SOEs no haven for corrupt managers

(China Daily) Updated: 2015-03-19 07:26

SOEs no haven for corrupt managers

Xu Jianyi, Chairman of FAW Group Corporation, speaks at an interview during the 15th Shanghai International Automobile Industry Exhibition, known as Auto Shanghai 2013, in Shanghai, China, 20 April 2013.

Xu Jianyi, board chairman and Party secretary of China FAW Group Cooperation, was placed under investigation for abuse of power on Sunday, followed by Liao Yongyuan, general manager of the China National Petroleum Corporation, on Monday. The message is the Central Commission for Discipline Inspection of the Communist Party of China meant it when it said it would extend the focus of the crackdown on corruption to State-owned enterprises this year.

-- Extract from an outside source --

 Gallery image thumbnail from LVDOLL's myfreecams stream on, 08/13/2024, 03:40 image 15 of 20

Some major SOEs were targeted in the third round of inspections the Party's watchdog conducted from November 2014 until February this year. The fall of the high-ranking leaders of the country's largest automaker and largest oil company is definitely the harvest from this round of scrutiny.

It was reported that some 70 leaders of both central and local SOEs were probed for abuse of power in 2014 alone. Of the nine board directors of the CNPC, five have already been placed under investigation.

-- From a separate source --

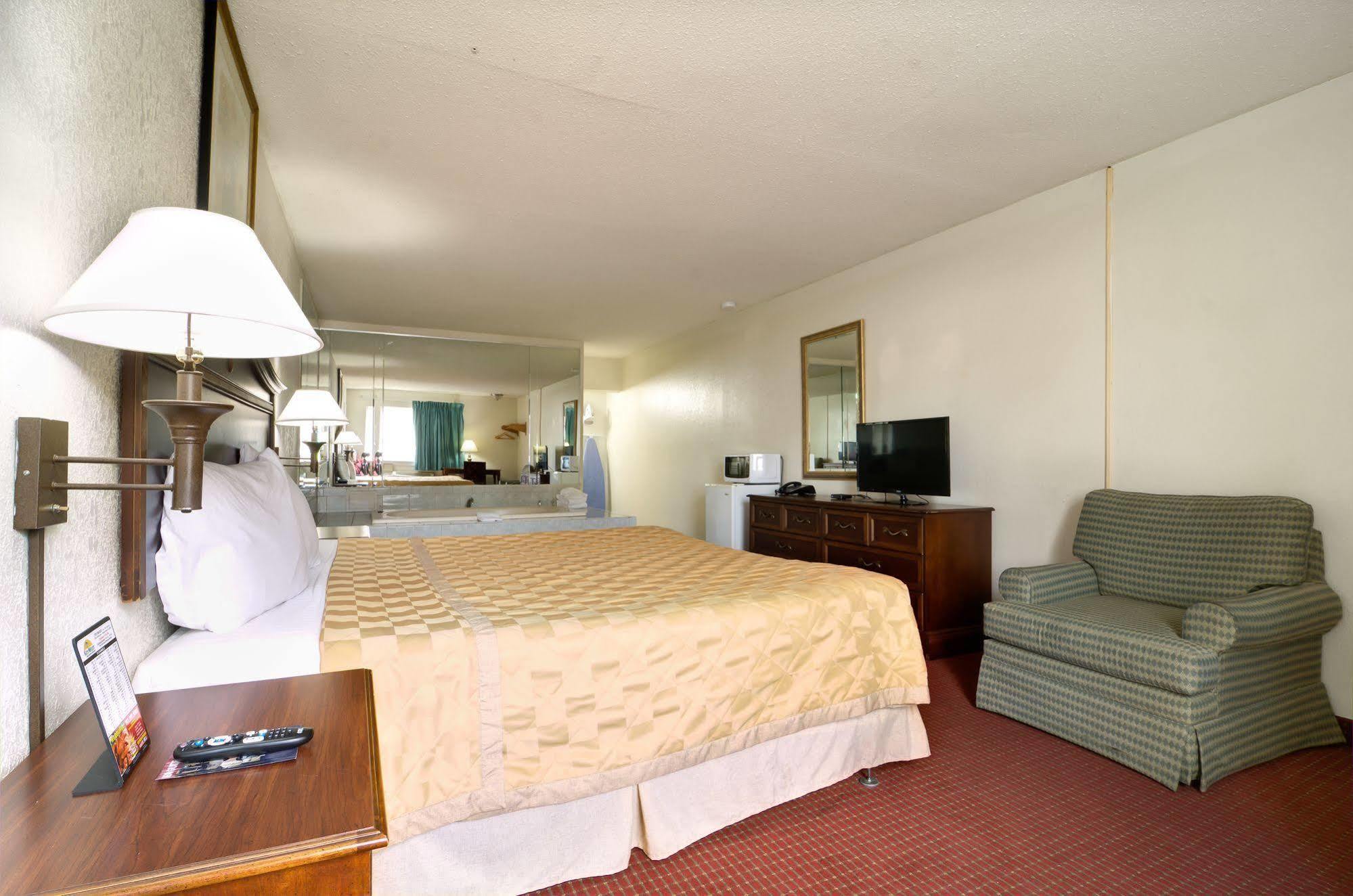 Key West Inn - Newport News Zewnętrze zdjęcie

SOEs have long been the focus of public discontent and complaints because they enjoy all sorts of preferential State policies that give them an upper hand and because their leaders enjoy both the prerogatives of government ranking officials and the high salaries of business executives.

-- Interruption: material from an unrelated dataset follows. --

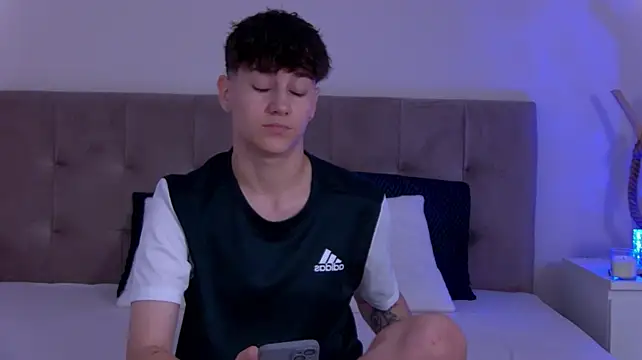 Онлайн чат XXX JessyAdoryx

We know how important SOEs are for the country and the government, as they are involved in almost all the industries of vital importance to the country's national economy and security. Yet the large number of SOE leaders, those under the auspices of the central government in particular, who have been investigated so far for graft, should add to the public's concerns that these enterprises, which should have functioned as the pillars of the country's economy, may turn out to be rotten to the core.

For the sustainability of the national economy and for the healthy development of SOEs, the central discipline watchdogs should intensify the crackdown on SOE corruption and not show any leniency to any corrupt element they uncover.

In addition, more must be done to find out the defects and loopholes in their management that provided the room and opportunities for rent seeking and funneling of funds for personal gain. Without doing all these, a transparent, clean and efficient management cannot be put in place to ensure the companies function as they should.